TASK OBJECTIVE: All records need to be reproduced exactly. Keep every word as it is.

-- Opening Marker --

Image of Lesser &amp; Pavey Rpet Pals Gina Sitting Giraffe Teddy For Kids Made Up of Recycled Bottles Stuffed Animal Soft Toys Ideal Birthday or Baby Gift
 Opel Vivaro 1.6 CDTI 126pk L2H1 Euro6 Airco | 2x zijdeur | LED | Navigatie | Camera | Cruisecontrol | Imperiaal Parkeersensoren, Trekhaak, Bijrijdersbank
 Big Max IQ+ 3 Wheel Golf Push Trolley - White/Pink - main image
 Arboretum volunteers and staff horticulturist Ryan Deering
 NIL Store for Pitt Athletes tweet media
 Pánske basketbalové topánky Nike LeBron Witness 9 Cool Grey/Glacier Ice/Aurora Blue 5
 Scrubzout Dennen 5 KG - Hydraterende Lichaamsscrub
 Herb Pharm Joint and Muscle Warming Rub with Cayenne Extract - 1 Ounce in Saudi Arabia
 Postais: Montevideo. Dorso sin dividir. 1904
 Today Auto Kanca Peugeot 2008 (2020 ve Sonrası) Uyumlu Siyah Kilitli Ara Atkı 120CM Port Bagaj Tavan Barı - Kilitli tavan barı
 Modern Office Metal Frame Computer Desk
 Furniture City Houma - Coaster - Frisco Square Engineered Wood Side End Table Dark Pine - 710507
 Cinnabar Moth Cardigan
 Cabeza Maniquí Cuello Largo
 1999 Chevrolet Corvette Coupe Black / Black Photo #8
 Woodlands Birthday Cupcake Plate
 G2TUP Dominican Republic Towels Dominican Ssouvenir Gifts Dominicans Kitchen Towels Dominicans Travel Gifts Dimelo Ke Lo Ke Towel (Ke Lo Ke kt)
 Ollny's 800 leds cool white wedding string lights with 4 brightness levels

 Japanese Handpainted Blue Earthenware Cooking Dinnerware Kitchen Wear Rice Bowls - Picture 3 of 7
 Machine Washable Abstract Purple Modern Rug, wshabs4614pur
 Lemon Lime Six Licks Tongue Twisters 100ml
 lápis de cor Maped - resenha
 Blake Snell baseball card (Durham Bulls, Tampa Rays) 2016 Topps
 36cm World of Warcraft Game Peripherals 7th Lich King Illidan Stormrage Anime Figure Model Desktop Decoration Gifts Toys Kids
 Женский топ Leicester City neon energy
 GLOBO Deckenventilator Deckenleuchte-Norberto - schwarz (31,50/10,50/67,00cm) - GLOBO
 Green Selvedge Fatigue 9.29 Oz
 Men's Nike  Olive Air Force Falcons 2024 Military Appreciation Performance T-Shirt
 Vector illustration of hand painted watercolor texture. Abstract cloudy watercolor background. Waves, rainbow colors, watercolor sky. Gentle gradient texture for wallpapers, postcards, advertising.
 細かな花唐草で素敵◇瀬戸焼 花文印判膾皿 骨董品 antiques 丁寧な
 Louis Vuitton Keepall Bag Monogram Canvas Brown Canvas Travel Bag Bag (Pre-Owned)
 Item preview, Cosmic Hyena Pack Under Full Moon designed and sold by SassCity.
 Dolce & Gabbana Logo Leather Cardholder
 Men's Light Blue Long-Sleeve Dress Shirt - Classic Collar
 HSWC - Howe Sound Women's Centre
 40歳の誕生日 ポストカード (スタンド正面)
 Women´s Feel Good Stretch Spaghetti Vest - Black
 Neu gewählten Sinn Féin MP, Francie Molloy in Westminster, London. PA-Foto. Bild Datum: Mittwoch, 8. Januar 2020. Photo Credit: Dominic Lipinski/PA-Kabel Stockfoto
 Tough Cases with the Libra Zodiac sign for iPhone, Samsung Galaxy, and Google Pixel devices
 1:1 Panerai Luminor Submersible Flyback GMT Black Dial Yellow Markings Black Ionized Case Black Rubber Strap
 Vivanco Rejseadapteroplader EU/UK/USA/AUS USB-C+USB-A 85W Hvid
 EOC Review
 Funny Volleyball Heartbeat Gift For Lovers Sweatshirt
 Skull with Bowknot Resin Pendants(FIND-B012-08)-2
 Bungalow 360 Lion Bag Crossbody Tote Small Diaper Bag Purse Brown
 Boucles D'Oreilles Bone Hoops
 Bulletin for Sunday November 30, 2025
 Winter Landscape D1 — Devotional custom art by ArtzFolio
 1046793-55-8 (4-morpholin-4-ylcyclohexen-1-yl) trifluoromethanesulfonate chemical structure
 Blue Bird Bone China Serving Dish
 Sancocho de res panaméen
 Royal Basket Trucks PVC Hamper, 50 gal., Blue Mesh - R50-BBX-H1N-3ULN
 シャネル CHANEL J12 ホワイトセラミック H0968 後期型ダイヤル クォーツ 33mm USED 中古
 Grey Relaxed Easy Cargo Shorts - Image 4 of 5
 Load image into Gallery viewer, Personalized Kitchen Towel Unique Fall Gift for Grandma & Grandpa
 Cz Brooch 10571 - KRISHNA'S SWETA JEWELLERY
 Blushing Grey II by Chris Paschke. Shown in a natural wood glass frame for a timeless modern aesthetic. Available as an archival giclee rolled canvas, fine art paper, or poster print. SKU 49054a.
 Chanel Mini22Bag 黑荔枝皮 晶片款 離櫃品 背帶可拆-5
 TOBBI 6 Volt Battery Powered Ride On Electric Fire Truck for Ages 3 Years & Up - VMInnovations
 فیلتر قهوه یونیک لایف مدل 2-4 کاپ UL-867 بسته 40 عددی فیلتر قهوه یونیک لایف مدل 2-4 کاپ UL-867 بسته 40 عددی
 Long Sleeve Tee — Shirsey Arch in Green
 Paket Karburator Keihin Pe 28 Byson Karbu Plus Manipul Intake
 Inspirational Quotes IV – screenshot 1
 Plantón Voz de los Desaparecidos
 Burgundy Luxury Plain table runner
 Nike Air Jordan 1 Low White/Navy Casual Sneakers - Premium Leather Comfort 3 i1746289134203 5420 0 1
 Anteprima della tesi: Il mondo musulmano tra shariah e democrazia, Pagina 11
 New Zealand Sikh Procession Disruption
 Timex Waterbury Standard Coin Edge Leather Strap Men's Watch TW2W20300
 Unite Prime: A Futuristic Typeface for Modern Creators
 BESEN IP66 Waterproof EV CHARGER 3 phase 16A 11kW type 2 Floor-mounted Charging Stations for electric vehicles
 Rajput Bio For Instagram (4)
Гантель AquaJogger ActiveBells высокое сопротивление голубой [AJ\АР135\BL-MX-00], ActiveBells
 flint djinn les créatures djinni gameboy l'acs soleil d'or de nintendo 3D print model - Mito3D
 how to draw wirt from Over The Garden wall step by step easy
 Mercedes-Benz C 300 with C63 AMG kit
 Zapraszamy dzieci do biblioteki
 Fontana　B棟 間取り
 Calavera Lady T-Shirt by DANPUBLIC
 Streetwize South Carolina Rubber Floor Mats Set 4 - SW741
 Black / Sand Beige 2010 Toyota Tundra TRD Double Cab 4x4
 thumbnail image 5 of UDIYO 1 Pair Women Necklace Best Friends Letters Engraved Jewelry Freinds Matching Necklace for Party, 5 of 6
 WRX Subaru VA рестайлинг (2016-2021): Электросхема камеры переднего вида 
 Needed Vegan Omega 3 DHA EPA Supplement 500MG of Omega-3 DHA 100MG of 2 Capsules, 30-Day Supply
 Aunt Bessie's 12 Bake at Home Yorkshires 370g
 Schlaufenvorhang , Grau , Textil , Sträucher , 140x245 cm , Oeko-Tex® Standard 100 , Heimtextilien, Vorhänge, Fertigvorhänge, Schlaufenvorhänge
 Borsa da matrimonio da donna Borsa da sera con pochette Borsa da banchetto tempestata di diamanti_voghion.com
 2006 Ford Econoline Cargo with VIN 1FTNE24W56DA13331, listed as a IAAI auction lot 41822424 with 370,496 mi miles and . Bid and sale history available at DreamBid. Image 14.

-- Closing Marker --

COMPLETED TASK:
Image of Lesser &amp; Pavey Rpet Pals Gina Sitting Giraffe Teddy For Kids Made Up of Recycled Bottles Stuffed Animal Soft Toys Ideal Birthday or Baby Gift
 Opel Vivaro 1.6 CDTI 126pk L2H1 Euro6 Airco | 2x zijdeur | LED | Navigatie | Camera | Cruisecontrol | Imperiaal Parkeersensoren, Trekhaak, Bijrijdersbank
 Big Max IQ+ 3 Wheel Golf Push Trolley - White/Pink - main image
 Arboretum volunteers and staff horticulturist Ryan Deering
 NIL Store for Pitt Athletes tweet media
 Pánske basketbalové topánky Nike LeBron Witness 9 Cool Grey/Glacier Ice/Aurora Blue 5
 Scrubzout Dennen 5 KG - Hydraterende Lichaamsscrub
 Herb Pharm Joint and Muscle Warming Rub with Cayenne Extract - 1 Ounce in Saudi Arabia
 Postais: Montevideo. Dorso sin dividir. 1904
 Today Auto Kanca Peugeot 2008 (2020 ve Sonrası) Uyumlu Siyah Kilitli Ara Atkı 120CM Port Bagaj Tavan Barı - Kilitli tavan barı
 Modern Office Metal Frame Computer Desk
 Furniture City Houma - Coaster - Frisco Square Engineered Wood Side End Table Dark Pine - 710507
 Cinnabar Moth Cardigan
 Cabeza Maniquí Cuello Largo
 1999 Chevrolet Corvette Coupe Black / Black Photo #8
 Woodlands Birthday Cupcake Plate
 G2TUP Dominican Republic Towels Dominican Ssouvenir Gifts Dominicans Kitchen Towels Dominicans Travel Gifts Dimelo Ke Lo Ke Towel (Ke Lo Ke kt)
 Ollny's 800 leds cool white wedding string lights with 4 brightness levels

 Japanese Handpainted Blue Earthenware Cooking Dinnerware Kitchen Wear Rice Bowls - Picture 3 of 7
 Machine Washable Abstract Purple Modern Rug, wshabs4614pur
 Lemon Lime Six Licks Tongue Twisters 100ml
 lápis de cor Maped - resenha
 Blake Snell baseball card (Durham Bulls, Tampa Rays) 2016 Topps
 36cm World of Warcraft Game Peripherals 7th Lich King Illidan Stormrage Anime Figure Model Desktop Decoration Gifts Toys Kids
 Женский топ Leicester City neon energy
 GLOBO Deckenventilator Deckenleuchte-Norberto - schwarz (31,50/10,50/67,00cm) - GLOBO
 Green Selvedge Fatigue 9.29 Oz
 Men's Nike  Olive Air Force Falcons 2024 Military Appreciation Performance T-Shirt
 Vector illustration of hand painted watercolor texture. Abstract cloudy watercolor background. Waves, rainbow colors, watercolor sky. Gentle gradient texture for wallpapers, postcards, advertising.
 細かな花唐草で素敵◇瀬戸焼 花文印判膾皿 骨董品 antiques 丁寧な
 Louis Vuitton Keepall Bag Monogram Canvas Brown Canvas Travel Bag Bag (Pre-Owned)
 Item preview, Cosmic Hyena Pack Under Full Moon designed and sold by SassCity.
 Dolce & Gabbana Logo Leather Cardholder
 Men's Light Blue Long-Sleeve Dress Shirt - Classic Collar
 HSWC - Howe Sound Women's Centre
 40歳の誕生日 ポストカード (スタンド正面)
 Women´s Feel Good Stretch Spaghetti Vest - Black
 Neu gewählten Sinn Féin MP, Francie Molloy in Westminster, London. PA-Foto. Bild Datum: Mittwoch, 8. Januar 2020. Photo Credit: Dominic Lipinski/PA-Kabel Stockfoto
 Tough Cases with the Libra Zodiac sign for iPhone, Samsung Galaxy, and Google Pixel devices
 1:1 Panerai Luminor Submersible Flyback GMT Black Dial Yellow Markings Black Ionized Case Black Rubber Strap
 Vivanco Rejseadapteroplader EU/UK/USA/AUS USB-C+USB-A 85W Hvid
 EOC Review
 Funny Volleyball Heartbeat Gift For Lovers Sweatshirt
 Skull with Bowknot Resin Pendants(FIND-B012-08)-2
 Bungalow 360 Lion Bag Crossbody Tote Small Diaper Bag Purse Brown
 Boucles D'Oreilles Bone Hoops
 Bulletin for Sunday November 30, 2025
 Winter Landscape D1 — Devotional custom art by ArtzFolio
 1046793-55-8 (4-morpholin-4-ylcyclohexen-1-yl) trifluoromethanesulfonate chemical structure
 Blue Bird Bone China Serving Dish
 Sancocho de res panaméen
 Royal Basket Trucks PVC Hamper, 50 gal., Blue Mesh - R50-BBX-H1N-3ULN
 シャネル CHANEL J12 ホワイトセラミック H0968 後期型ダイヤル クォーツ 33mm USED 中古
 Grey Relaxed Easy Cargo Shorts - Image 4 of 5
 Load image into Gallery viewer, Personalized Kitchen Towel Unique Fall Gift for Grandma & Grandpa
 Cz Brooch 10571 - KRISHNA'S SWETA JEWELLERY
 Blushing Grey II by Chris Paschke. Shown in a natural wood glass frame for a timeless modern aesthetic. Available as an archival giclee rolled canvas, fine art paper, or poster print. SKU 49054a.
 Chanel Mini22Bag 黑荔枝皮 晶片款 離櫃品 背帶可拆-5
 TOBBI 6 Volt Battery Powered Ride On Electric Fire Truck for Ages 3 Years & Up - VMInnovations
 فیلتر قهوه یونیک لایف مدل 2-4 کاپ UL-867 بسته 40 عددی فیلتر قهوه یونیک لایف مدل 2-4 کاپ UL-867 بسته 40 عددی
 Long Sleeve Tee — Shirsey Arch in Green
 Paket Karburator Keihin Pe 28 Byson Karbu Plus Manipul Intake
 Inspirational Quotes IV – screenshot 1
 Plantón Voz de los Desaparecidos
 Burgundy Luxury Plain table runner
 Nike Air Jordan 1 Low White/Navy Casual Sneakers - Premium Leather Comfort 3 i1746289134203 5420 0 1
 Anteprima della tesi: Il mondo musulmano tra shariah e democrazia, Pagina 11
 New Zealand Sikh Procession Disruption
 Timex Waterbury Standard Coin Edge Leather Strap Men's Watch TW2W20300
 Unite Prime: A Futuristic Typeface for Modern Creators
 BESEN IP66 Waterproof EV CHARGER 3 phase 16A 11kW type 2 Floor-mounted Charging Stations for electric vehicles
 Rajput Bio For Instagram (4)
Гантель AquaJogger ActiveBells высокое сопротивление голубой [AJ\АР135\BL-MX-00], ActiveBells
 flint djinn les créatures djinni gameboy l'acs soleil d'or de nintendo 3D print model - Mito3D
 how to draw wirt from Over The Garden wall step by step easy
 Mercedes-Benz C 300 with C63 AMG kit
 Zapraszamy dzieci do biblioteki
 Fontana　B棟 間取り
 Calavera Lady T-Shirt by DANPUBLIC
 Streetwize South Carolina Rubber Floor Mats Set 4 - SW741
 Black / Sand Beige 2010 Toyota Tundra TRD Double Cab 4x4
 thumbnail image 5 of UDIYO 1 Pair Women Necklace Best Friends Letters Engraved Jewelry Freinds Matching Necklace for Party, 5 of 6
 WRX Subaru VA рестайлинг (2016-2021): Электросхема камеры переднего вида 
 Needed Vegan Omega 3 DHA EPA Supplement 500MG of Omega-3 DHA 100MG of 2 Capsules, 30-Day Supply
 Aunt Bessie's 12 Bake at Home Yorkshires 370g
 Schlaufenvorhang , Grau , Textil , Sträucher , 140x245 cm , Oeko-Tex® Standard 100 , Heimtextilien, Vorhänge, Fertigvorhänge, Schlaufenvorhänge
 Borsa da matrimonio da donna Borsa da sera con pochette Borsa da banchetto tempestata di diamanti_voghion.com
 2006 Ford Econoline Cargo with VIN 1FTNE24W56DA13331, listed as a IAAI auction lot 41822424 with 370,496 mi miles and . Bid and sale history available at DreamBid. Image 14.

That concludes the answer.